The three year project was launched in 2001 and involves 12 partners from four EU countries. The consortium is looking at combinations of evaporation and nanofiltration or reverse osmosis as a means of eliminating degradation products prior to recycling.
While confident that the project will enable plating shops to operate without discharging liquid waste, without having to clean up using a physico chemical water treatment plant and without using waste reduction technologies that consume chemicals, Mr Halut admits that there are obstacles to bringing the new technology to the market. Industry does not really want to get involved as it isn't familiar with the new machinery, said Mr Halut. This means that demand remains low and prices high.
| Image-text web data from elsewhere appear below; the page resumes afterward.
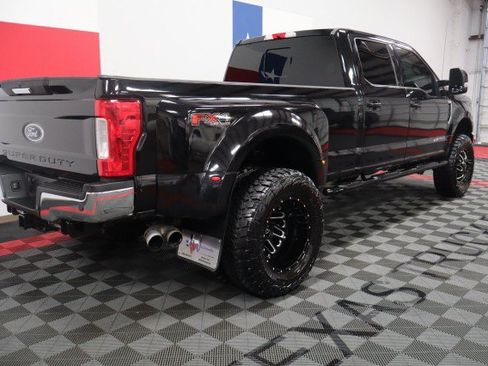 Used 2019 Ford F350 Lariat w/ Lariat Value Package AWD/4WD image 17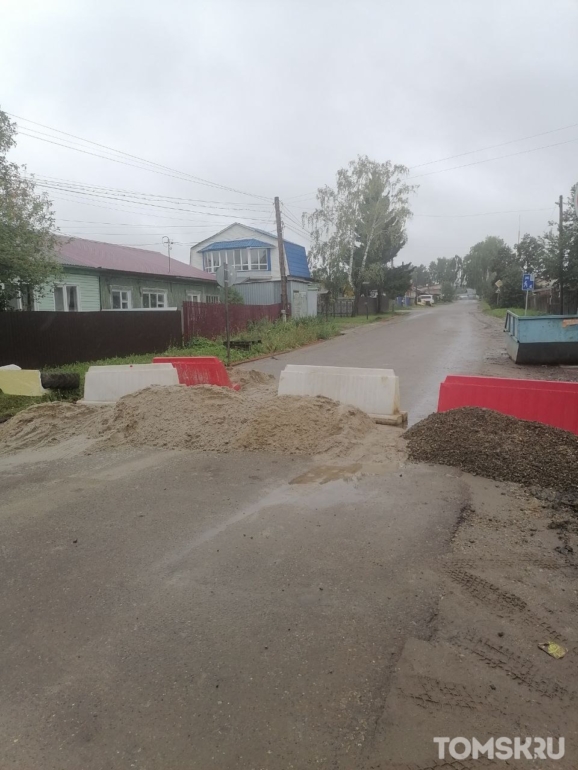 «Это самоуправство»: администрация томского поселка закрыла дорогу для жильцов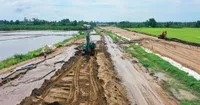 Khu vực Đồng bằng sông Cửu Long có nhiều dự án đang trong giai đoạn tăng tốc thi công dẫn tới nhu cầu nguồn vật liệu rất lớn. Ảnh: Tiến Giang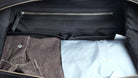 Zoom sur le rangements internes du sac de voyage en cuir lundi pour femme ou homme, montrant une organisation pensée pour les vêtements.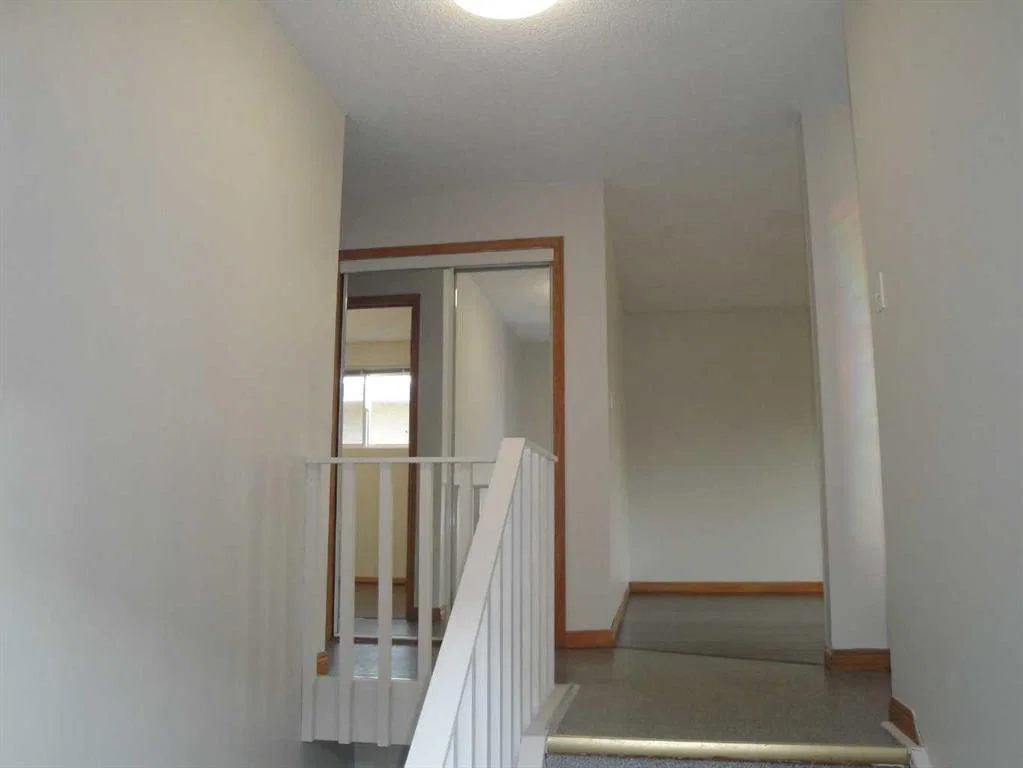 31 Huntford Road NE, Calgary — photo 3 of 38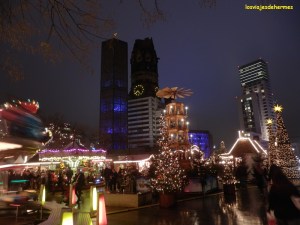Torre de Kaiser-Wilhelm-Gedächtniskirche y mercado navideño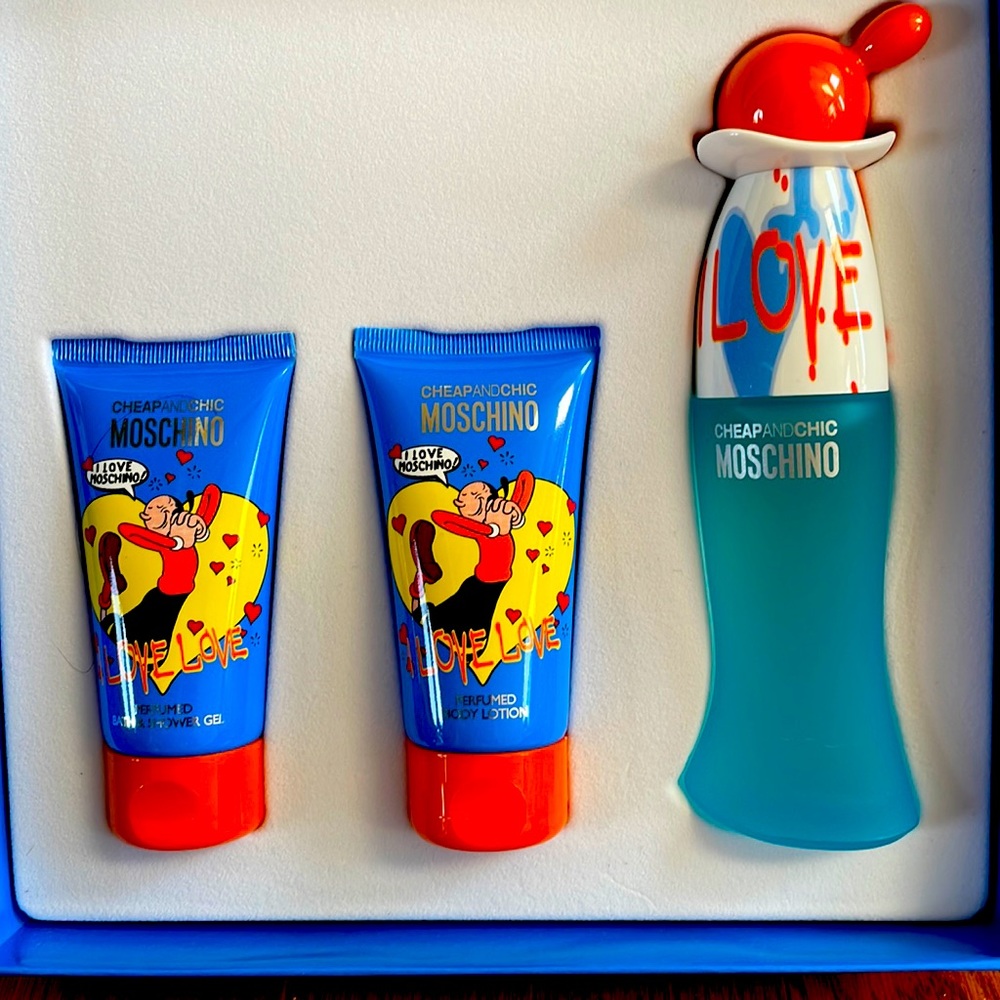 I Love Moschino Cheap and Chic Perfume Set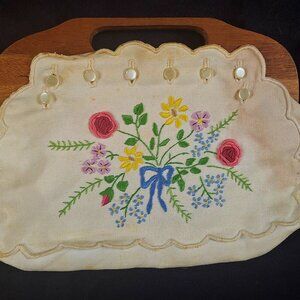 White Vintage 1960's Embroidered Floral Handbag With Wooden Handle Cottage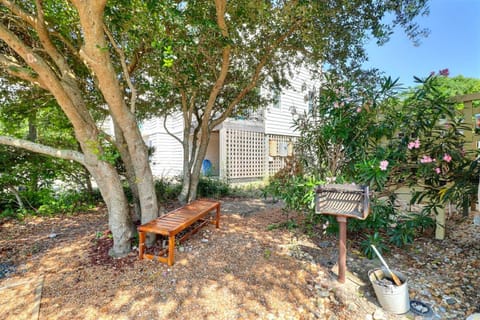 1675 A Shore Thing 2 min walk to beach access House in Corolla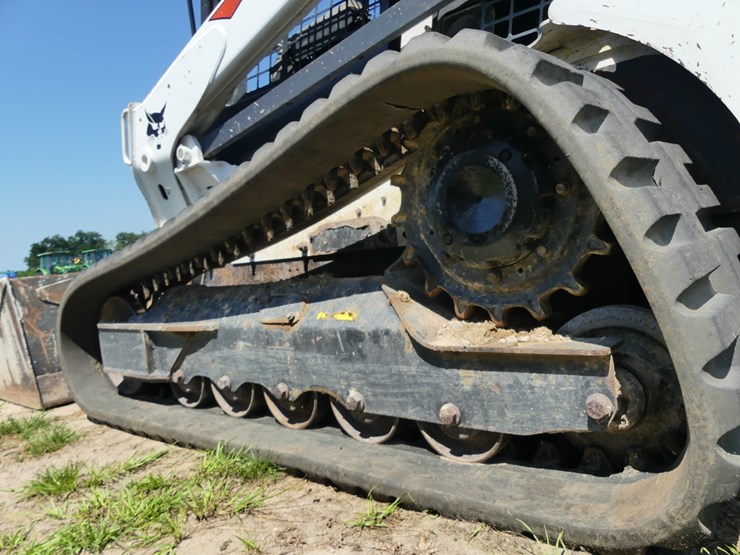 2023-bobcat-t770-image-5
The consortium is however beginning to demonstrate to workshops that they will benefit, he said.
Maria Janssen presented the achievements of the PROGRES network, a thematic network established under the Brite Euram III programme in 1998. The network acts as a discussion forum for issues relating to the use of glassy combustion residues in novel products.
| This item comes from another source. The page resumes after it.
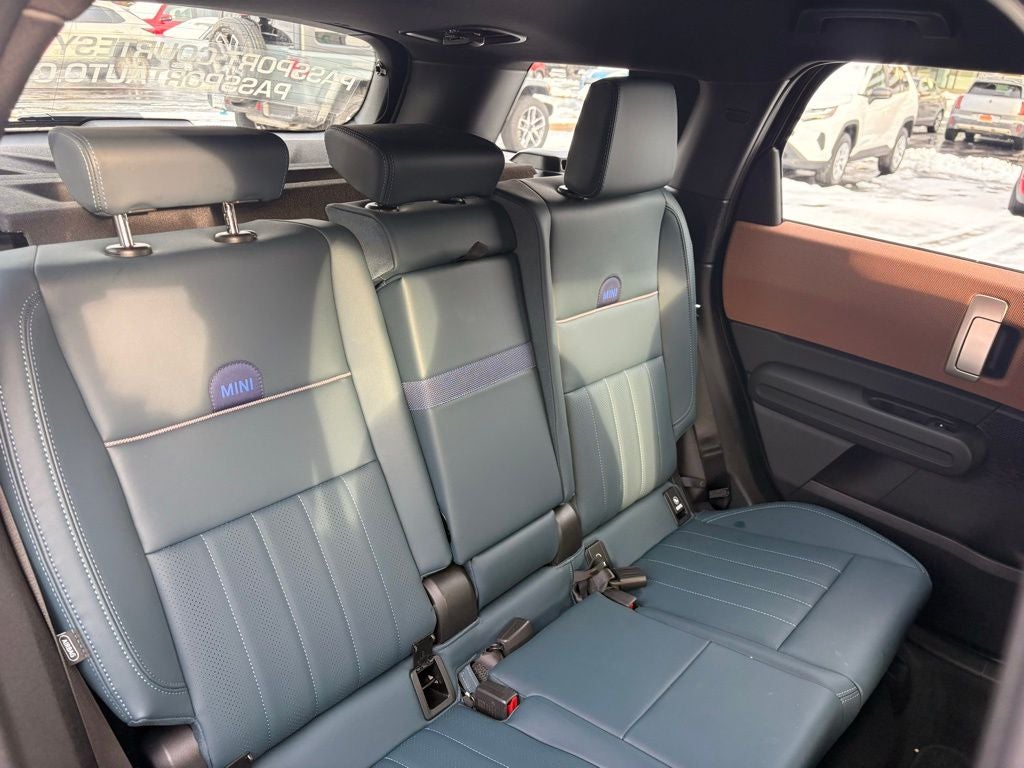 2025 MINI Cooper S Countryman Signature Plus Trim ALL4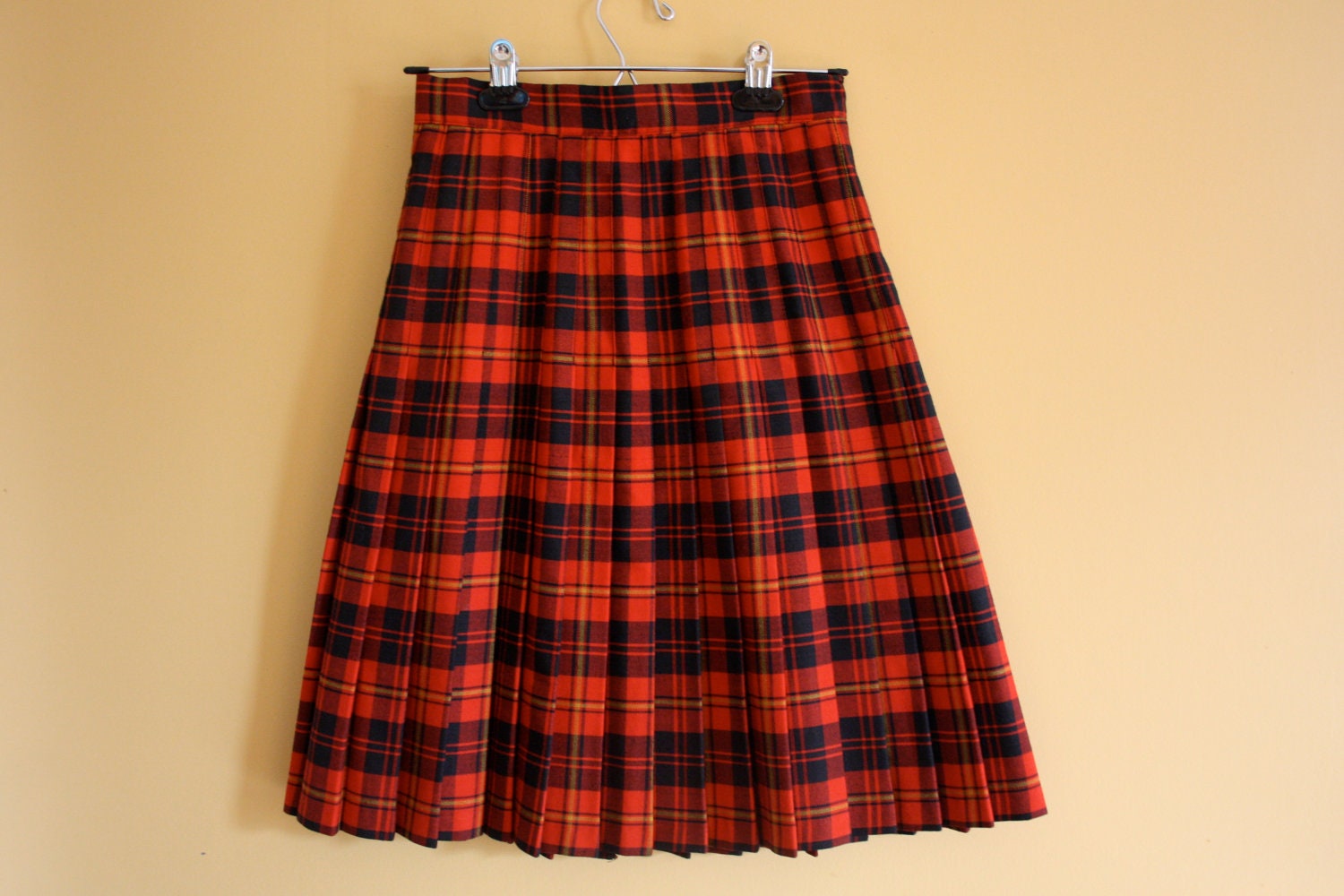 Vintage red plaid skirt pleated tartan skirt / Girl Teen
Every year electric power generation and waste incineration in the EU produces around 60 million tonnes of glassy combustion residues. Some of this is reused, but proportions vary from 15 to 100 per cent in different countries. Over the last 40 years, the cement industry has become the only major user of combustion residues, but the PROGRES network set out to develop new applications.
New applications include inert and functional fillers, absorbents, construction materials, zeolite minerals and additives for the immobilisation of pollutants.
The main barrier to commercialisation is the customer perception of the material as waste, said Dr Janssen. 'Evidently we have more work to do in identifying the barriers to acceptance. There is a need to clearly specify the conditions for the commercial acceptance of combustion residues as substitutes for costly and scarce primary materials,' she said.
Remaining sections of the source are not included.